Quality of Life in Institutional Care
It is generally accepted that most old people prefer to live independently in their own homes. However, institutional care in nursing or residential homes is often the only option available for frail and dependent people, who require higher levels of support. Moreover, social and demographic changes throughout Europe show a weakening of family and community networks, resulting in a reduction in informal support from family and friends to allow frail old people to remain at home.
Care institutions provide adapted and safe environments and provide a range of care, such as support in everyday activities and medical procedures. In addition to these instrumental issues, increasing attention has also been paid to the general quality of life (QoL) of clients through facilitating social participation, leisure activities and, supporting clients’ lifestyles, while trying to preserve individuals’ autonomy and control. At the same time however, the individual has to conform to the social roles and rules prevalent in the institution.

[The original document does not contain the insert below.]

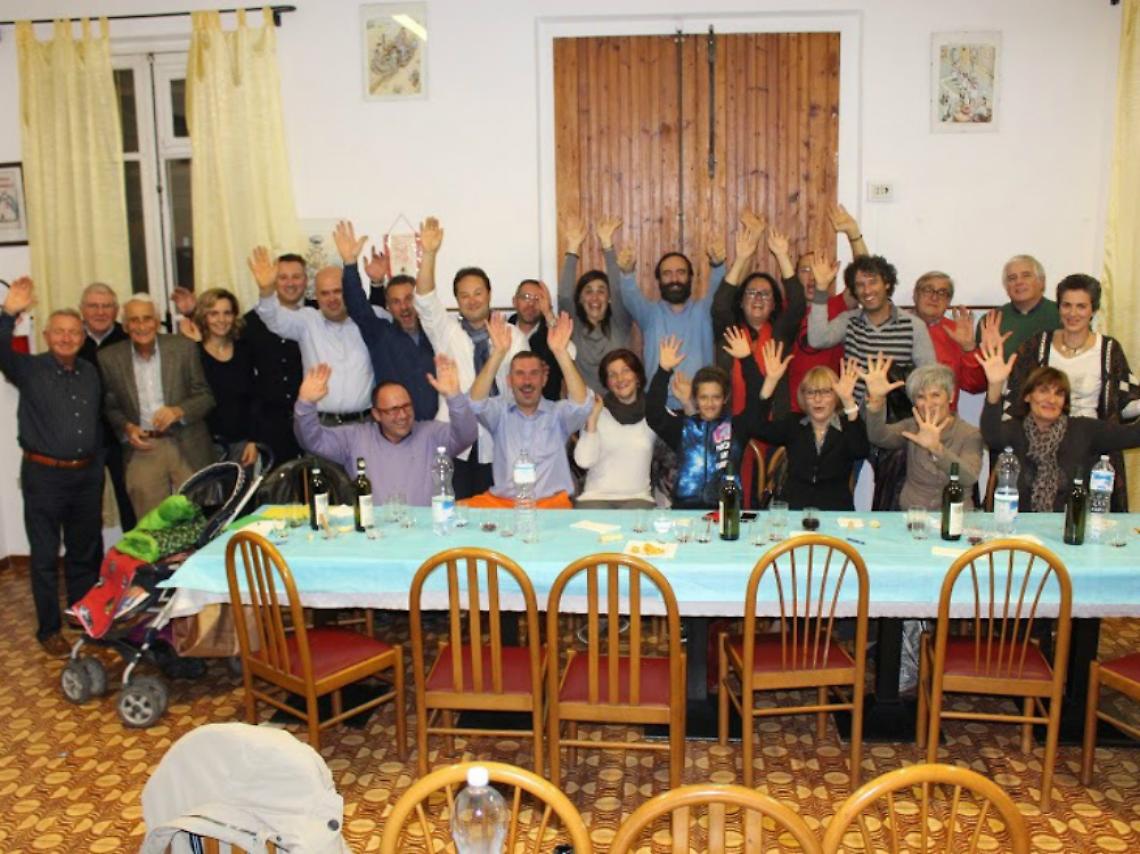 23 anni dopo il diploma<br/>si ritrovano studenti e insegnanti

Among older people, this process can lead to “induced dependency” whereby the person undergoes psychological changes, loss of personal competence and even physical deterioration.
Residents of care institutions commonly have serious limitations in their abilities to take care of themselves because of the illnesses or frailties of advanced age. These conditions and associated functional decline inevitably have an impact on QoL. As well as physical functioning, other factors such as psychological, social and emotional changes can have an impact on wellbeing and satisfaction with life.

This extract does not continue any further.